WHAT YOU ARE ASKED TO DO> When you output the entries, begin with the first line and end with the line containing "Gri 404 Baskılı Bisiklet Yaka Sweatshirt", keeping each line exactly as it is.

Scraped caption text data:
%%
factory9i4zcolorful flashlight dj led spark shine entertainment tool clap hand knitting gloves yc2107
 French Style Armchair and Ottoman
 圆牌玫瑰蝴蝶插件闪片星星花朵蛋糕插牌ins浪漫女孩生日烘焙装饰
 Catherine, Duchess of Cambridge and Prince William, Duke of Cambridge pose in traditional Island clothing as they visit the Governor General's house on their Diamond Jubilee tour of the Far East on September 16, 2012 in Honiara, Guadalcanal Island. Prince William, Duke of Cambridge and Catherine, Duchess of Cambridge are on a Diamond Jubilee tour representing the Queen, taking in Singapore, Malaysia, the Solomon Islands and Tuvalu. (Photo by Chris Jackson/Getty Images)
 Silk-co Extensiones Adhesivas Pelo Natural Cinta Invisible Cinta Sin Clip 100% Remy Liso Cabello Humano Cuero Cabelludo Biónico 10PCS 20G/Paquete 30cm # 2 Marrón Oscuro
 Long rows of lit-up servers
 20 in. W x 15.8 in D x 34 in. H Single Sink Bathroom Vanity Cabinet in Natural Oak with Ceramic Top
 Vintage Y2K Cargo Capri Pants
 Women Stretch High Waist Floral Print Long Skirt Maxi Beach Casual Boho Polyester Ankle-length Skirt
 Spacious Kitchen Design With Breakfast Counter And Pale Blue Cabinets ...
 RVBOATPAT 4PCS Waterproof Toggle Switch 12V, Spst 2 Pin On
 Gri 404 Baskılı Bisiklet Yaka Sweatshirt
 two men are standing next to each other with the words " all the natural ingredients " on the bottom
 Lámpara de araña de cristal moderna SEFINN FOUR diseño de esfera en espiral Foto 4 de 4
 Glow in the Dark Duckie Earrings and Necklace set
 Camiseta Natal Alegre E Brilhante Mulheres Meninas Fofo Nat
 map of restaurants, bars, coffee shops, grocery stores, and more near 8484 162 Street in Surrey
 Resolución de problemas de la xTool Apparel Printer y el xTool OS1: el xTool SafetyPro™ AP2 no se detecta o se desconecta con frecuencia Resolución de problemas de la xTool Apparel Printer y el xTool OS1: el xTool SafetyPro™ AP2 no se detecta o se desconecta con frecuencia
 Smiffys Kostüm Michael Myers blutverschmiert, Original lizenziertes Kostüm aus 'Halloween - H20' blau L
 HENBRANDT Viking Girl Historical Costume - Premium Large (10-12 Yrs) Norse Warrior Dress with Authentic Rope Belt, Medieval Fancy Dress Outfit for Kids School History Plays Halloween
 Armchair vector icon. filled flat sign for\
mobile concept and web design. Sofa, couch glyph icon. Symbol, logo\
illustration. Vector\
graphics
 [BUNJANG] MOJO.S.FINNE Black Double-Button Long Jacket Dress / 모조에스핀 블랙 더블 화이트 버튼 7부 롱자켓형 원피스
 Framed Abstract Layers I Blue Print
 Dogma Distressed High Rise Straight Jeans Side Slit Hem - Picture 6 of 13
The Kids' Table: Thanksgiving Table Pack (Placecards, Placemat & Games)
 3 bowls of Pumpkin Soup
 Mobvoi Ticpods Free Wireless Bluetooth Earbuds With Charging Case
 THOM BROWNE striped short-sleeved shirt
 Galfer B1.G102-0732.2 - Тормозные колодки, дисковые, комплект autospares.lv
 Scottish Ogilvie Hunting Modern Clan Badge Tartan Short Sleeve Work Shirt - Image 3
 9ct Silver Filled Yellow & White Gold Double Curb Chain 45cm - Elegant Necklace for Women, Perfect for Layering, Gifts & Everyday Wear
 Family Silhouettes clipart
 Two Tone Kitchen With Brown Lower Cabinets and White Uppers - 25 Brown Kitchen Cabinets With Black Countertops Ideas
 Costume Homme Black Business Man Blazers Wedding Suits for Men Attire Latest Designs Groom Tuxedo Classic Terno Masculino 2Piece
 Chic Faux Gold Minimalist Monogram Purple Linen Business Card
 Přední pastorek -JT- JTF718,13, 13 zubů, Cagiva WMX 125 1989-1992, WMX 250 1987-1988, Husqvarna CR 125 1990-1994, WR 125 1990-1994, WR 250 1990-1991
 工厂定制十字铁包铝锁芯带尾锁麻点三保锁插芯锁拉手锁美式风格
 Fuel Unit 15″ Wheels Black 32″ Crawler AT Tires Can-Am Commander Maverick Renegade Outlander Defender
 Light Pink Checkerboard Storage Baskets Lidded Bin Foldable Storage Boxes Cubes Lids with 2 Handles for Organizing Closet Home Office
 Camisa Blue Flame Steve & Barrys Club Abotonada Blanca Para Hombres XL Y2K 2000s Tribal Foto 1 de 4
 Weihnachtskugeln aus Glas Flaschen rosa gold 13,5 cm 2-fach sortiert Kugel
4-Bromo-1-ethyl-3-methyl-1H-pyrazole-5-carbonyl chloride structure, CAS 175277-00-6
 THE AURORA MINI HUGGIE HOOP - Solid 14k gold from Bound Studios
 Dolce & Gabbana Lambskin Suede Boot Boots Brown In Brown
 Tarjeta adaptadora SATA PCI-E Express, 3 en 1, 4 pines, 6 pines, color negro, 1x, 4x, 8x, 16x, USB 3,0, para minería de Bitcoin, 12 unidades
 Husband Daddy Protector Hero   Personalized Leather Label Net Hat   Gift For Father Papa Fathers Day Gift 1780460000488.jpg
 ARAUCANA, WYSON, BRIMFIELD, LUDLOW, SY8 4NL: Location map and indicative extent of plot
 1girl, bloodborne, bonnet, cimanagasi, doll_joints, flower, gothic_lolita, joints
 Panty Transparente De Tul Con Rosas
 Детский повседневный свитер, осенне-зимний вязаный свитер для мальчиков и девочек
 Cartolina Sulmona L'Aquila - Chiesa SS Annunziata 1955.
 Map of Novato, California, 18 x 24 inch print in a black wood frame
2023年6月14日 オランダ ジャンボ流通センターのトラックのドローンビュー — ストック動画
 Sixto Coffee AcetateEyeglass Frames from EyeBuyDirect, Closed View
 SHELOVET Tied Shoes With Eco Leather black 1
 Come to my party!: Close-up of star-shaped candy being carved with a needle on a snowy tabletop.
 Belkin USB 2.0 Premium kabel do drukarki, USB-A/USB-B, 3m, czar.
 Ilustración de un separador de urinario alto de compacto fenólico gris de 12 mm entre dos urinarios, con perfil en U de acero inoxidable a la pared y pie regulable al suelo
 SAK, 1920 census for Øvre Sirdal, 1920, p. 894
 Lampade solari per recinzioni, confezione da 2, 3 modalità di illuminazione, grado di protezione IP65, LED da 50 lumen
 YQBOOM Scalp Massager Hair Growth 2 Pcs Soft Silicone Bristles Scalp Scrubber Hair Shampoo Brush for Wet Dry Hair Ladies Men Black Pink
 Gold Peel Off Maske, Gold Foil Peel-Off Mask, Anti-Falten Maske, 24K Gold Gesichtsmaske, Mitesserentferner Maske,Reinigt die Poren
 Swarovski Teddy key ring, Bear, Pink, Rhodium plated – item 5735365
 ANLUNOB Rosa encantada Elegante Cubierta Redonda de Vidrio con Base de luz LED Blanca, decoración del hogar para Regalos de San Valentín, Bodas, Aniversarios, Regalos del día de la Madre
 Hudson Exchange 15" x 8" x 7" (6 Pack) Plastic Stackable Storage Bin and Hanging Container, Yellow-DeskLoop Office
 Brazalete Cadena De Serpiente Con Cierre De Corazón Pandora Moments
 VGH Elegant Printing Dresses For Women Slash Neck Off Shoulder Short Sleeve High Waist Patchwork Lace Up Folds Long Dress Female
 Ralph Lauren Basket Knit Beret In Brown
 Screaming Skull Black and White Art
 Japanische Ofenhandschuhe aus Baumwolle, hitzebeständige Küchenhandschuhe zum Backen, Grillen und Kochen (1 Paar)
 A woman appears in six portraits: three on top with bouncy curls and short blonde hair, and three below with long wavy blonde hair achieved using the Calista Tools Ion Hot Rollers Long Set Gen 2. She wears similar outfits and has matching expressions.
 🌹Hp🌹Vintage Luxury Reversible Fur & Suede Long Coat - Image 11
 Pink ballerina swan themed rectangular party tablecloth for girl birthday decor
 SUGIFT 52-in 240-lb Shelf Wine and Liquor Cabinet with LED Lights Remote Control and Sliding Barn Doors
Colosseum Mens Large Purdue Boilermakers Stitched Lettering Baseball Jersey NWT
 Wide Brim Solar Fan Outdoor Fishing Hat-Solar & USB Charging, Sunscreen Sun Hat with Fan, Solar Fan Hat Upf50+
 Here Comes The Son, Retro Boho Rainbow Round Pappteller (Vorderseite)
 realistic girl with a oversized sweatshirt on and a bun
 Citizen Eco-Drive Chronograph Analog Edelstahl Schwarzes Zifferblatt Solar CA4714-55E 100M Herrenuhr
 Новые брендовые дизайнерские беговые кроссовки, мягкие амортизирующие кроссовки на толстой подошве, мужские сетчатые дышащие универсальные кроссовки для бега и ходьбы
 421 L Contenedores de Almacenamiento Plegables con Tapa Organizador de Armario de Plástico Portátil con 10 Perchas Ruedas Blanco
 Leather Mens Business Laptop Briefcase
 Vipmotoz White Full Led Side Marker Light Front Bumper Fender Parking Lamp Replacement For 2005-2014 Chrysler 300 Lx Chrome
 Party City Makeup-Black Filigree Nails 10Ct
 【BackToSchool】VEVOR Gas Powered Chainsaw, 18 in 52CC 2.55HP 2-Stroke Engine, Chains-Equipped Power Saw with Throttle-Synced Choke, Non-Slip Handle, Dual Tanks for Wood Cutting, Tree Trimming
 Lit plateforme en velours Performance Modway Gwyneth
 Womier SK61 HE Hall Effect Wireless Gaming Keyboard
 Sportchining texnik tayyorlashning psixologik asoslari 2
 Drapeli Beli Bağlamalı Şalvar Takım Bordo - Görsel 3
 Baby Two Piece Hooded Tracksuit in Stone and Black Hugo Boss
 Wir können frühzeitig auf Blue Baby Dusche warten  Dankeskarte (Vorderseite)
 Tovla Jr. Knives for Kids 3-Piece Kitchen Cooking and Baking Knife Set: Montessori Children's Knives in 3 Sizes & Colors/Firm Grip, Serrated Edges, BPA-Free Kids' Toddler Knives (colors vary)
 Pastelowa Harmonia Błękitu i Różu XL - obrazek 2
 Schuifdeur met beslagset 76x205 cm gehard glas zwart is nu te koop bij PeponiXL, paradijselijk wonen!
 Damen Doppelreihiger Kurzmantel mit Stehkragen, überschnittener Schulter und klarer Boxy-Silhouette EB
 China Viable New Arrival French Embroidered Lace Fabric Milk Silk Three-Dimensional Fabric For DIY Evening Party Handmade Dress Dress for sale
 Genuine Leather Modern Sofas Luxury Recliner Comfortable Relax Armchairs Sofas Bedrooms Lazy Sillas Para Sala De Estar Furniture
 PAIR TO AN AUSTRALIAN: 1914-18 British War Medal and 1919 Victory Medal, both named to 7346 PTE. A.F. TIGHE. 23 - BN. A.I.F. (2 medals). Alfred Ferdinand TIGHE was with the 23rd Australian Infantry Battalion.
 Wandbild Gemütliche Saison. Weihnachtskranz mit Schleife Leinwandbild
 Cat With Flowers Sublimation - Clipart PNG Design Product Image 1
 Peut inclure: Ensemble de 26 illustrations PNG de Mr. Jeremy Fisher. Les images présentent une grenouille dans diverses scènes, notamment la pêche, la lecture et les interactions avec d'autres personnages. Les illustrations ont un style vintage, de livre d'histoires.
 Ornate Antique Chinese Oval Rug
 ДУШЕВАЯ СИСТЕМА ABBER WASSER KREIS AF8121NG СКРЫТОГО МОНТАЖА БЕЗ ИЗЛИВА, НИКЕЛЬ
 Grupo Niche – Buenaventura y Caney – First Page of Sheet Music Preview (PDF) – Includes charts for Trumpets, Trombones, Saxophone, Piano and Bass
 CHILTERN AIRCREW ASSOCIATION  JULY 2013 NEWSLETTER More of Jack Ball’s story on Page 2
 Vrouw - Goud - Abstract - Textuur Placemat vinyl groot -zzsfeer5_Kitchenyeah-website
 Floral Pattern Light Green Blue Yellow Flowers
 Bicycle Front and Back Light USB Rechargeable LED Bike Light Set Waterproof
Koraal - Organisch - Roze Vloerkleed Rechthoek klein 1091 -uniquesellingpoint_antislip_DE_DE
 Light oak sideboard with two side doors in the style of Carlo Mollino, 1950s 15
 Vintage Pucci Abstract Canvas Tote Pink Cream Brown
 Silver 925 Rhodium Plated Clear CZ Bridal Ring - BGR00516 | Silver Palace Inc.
%%
SOLUTION FOR THIS PROBLEM>
factory9i4zcolorful flashlight dj led spark shine entertainment tool clap hand knitting gloves yc2107
 French Style Armchair and Ottoman
 圆牌玫瑰蝴蝶插件闪片星星花朵蛋糕插牌ins浪漫女孩生日烘焙装饰
 Catherine, Duchess of Cambridge and Prince William, Duke of Cambridge pose in traditional Island clothing as they visit the Governor General's house on their Diamond Jubilee tour of the Far East on September 16, 2012 in Honiara, Guadalcanal Island. Prince William, Duke of Cambridge and Catherine, Duchess of Cambridge are on a Diamond Jubilee tour representing the Queen, taking in Singapore, Malaysia, the Solomon Islands and Tuvalu. (Photo by Chris Jackson/Getty Images)
 Silk-co Extensiones Adhesivas Pelo Natural Cinta Invisible Cinta Sin Clip 100% Remy Liso Cabello Humano Cuero Cabelludo Biónico 10PCS 20G/Paquete 30cm # 2 Marrón Oscuro
 Long rows of lit-up servers
 20 in. W x 15.8 in D x 34 in. H Single Sink Bathroom Vanity Cabinet in Natural Oak with Ceramic Top
 Vintage Y2K Cargo Capri Pants
 Women Stretch High Waist Floral Print Long Skirt Maxi Beach Casual Boho Polyester Ankle-length Skirt
 Spacious Kitchen Design With Breakfast Counter And Pale Blue Cabinets ...
 RVBOATPAT 4PCS Waterproof Toggle Switch 12V, Spst 2 Pin On
 Gri 404 Baskılı Bisiklet Yaka Sweatshirt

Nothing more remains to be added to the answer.